Adding AAA TACACS Support#176
weneghawi wants to merge 10 commits intomainfrom
feature/aaa-tacacs-support

Conversation

@weneghawi
Copy link
Copy Markdown
Contributor

@weneghawi weneghawi commented Feb 4, 2026

Summary

Restructured the core AAA API to align with the OpenConfig system/aaa YANG model, making it vendor-agnostic and suitable for multi-vendor support (Nokia, Juniper, Arista, etc.). All Cisco NX-OS specific configuration has been moved to a dedicated AAAConfig provider CRD. RADIUS server group support has been added alongside the existing TACACS+ implementation.

Core API Changes (api/core/v1alpha1/aaa_types.go)

  • Server Groups: Replaced flat TACACSServers + TACACSGroup with ServerGroups []AAAServerGroup — protocol-agnostic containers with nested servers, following OpenConfig /system/aaa/server-groups/server-group. Supports both TACACS and RADIUS group types.
  • RADIUS Support: Added AAAServerRADIUS struct with authPort (default 1812), acctPort (default 1813), and keySecretRef
  • Method Lists: Flattened Authentication, Authorization, and Accounting to simple method lists (removed NX-OS specific nesting like Login.Default/Console and ConfigCommands)
  • Field Renames: VRF -> VrfName, SourceInterface -> SourceInterfaceName (leaves room for future object references)
  • Removed Cisco-specific fields: KeyEncryption, LoginErrorEnable moved to Cisco AAAConfig CRD
  • Added XValidation rules:
    • At least one of serverGroups, authentication, authorization, or accounting must be set
    • Servers in a TACACS group must have tacacs config
    • Servers in a RADIUS group must have radius config
    • groupName is required when method type is Group
    • deviceRef is immutable

Cisco AAAConfig CRD (api/cisco/nx/v1alpha1/aaaconfig_types.go)

  • Added ConsoleAuthentication *NXOSMethodList — NX-OS: aaa authentication login console
  • Added ConfigCommandsAuthorization *NXOSMethodList — NX-OS: aaa authorization config-commands default
  • Added RADIUSKeyEncryption type (Type6/Type7/Clear) with radiusKeyEncryption field (default Type7)
  • Retains KeyEncryption (Type6/Type7/Clear) and LoginErrorEnable

Controller (internal/controller/core/aaa_controller.go)

  • Updated secret loading to iterate nested ServerGroups[].Servers[].TACACS.KeySecretRef and ServerGroups[].Servers[].RADIUS.KeySecretRef
  • Updated secretToAAA watch mapping to trigger reconciliation on changes to both TACACS and RADIUS key secrets

NX-OS Provider (internal/provider/cisco/nxos/)

  • aaa.go: Added RadiusProvider, RadiusProviderGroup, RadiusProviderRef NX-OS DME structs. Added MapRADIUSKeyEncryption helper.

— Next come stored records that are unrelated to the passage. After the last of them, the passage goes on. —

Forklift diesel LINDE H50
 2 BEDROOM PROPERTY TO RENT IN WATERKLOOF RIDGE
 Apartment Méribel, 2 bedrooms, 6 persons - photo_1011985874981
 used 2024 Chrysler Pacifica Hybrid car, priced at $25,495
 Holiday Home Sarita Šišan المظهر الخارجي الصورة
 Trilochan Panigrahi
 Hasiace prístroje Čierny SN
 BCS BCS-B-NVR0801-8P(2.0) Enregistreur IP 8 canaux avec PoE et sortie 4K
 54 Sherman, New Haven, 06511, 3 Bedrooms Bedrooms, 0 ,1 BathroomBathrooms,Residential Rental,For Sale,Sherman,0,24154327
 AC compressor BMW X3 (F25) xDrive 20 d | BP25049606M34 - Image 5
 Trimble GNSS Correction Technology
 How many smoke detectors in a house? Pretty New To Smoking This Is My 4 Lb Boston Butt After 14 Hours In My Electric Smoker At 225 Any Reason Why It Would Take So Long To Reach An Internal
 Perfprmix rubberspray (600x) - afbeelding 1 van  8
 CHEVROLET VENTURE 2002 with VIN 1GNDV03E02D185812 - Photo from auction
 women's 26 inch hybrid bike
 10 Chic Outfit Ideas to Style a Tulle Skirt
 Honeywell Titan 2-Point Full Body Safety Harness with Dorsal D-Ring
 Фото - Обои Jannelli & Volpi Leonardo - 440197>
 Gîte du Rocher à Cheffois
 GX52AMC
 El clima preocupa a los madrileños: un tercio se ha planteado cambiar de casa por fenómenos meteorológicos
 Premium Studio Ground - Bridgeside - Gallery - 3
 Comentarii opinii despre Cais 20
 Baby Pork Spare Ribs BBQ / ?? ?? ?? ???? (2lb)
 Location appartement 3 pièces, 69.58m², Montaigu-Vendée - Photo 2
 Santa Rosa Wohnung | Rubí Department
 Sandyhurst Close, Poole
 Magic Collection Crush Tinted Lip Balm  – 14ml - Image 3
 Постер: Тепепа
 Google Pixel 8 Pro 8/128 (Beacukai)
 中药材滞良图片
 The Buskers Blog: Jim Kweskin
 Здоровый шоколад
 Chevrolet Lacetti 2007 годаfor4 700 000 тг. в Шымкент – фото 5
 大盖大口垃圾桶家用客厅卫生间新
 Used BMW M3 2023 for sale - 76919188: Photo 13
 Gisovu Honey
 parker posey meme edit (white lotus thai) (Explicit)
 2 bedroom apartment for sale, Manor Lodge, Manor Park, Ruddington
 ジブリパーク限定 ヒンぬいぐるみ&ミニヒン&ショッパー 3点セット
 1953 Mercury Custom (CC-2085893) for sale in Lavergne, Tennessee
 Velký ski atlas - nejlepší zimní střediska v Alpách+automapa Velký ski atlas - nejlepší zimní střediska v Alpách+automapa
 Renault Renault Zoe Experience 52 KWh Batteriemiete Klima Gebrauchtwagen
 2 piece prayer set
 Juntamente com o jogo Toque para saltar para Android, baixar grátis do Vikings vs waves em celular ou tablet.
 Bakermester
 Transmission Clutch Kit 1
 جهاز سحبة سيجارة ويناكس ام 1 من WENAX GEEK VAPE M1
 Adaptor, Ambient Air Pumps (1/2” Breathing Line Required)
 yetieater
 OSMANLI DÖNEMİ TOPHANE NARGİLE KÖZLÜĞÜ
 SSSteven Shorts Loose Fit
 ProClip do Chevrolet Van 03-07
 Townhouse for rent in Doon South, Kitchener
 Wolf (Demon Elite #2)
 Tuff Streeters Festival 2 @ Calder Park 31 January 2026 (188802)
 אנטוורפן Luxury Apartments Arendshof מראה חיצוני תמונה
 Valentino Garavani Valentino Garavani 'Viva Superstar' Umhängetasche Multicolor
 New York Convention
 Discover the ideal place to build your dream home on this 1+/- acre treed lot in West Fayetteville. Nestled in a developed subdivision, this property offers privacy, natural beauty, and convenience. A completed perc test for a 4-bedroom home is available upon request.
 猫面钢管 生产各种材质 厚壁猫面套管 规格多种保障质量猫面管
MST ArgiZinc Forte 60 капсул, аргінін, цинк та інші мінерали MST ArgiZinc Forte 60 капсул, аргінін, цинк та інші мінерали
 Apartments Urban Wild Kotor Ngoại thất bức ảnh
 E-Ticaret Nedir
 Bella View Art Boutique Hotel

Added groupTypeByName and MapRealmFromGroup to correctly resolve realm as "radius" or "tacacs" based on the referenced server group type. Removed read-only Name and Realm fields from AAADefaultAuthor (NX-OS rejects writes to these). Added MapNXOSRealm, MapNXOSLocal, MapNXOSFallback helpers. Note: RADIUS on NX-OS requires no feature flag (unlike TACACS+ which requires feature tacacs+).
  • provider.go: Rewrote EnsureAAA to iterate ServerGroups with a switch on group type covering both TACACS and RADIUS. Rewrote DeleteAAA with batched resets and RADIUS group/server cleanup. Changed from Patch to Update (netconf replace).

Sample YAML (config/samples/networking_v1alpha1_aaa.yaml)

  • Updated to demonstrate the new structure with serverGroups, nested servers, flat method lists, and separate Cisco AAAConfig with console/config-commands authorization.

Test Plan

  • go build ./... — compiles cleanly
  • go test ./api/... ./internal/provider/... ./internal/clientutil/... — all pass
  • make run-golangci-lint — 0 issues
  • make generate — CRDs and deepcopy regenerated
  • Verified full AAA lifecycle on NX-OS switch via gNMI (gnmic):
    • Enable TACACS+ feature, create servers + server group with VRF, source interface, server refs
    • Set default authentication, console authentication, config-commands authorization, accounting
    • Read back and verify all TACACS+ configuration
    • Reset all auth/authz/acct to local, delete group and servers, disable feature, verify clean state
    • Create RADIUS server + server group, set default auth realm to radius
    • Read back and verify all RADIUS configuration (confirmed: no feature flag needed on NX-OS)
    • Delete RADIUS group and server, verify clean state

@weneghawi weneghawi requested a review from a team as a code owner February 4, 2026 16:43
@hardikdr hardikdr added the area/metal-automation Automation processes within the Metal project. label Feb 5, 2026
@hardikdr hardikdr added this to Roadmap Feb 5, 2026
Copy link
Copy Markdown
Contributor

@felix-kaestner felix-kaestner left a comment

Choose a reason for hiding this comment

The reason will be displayed to describe this comment to others. Learn more.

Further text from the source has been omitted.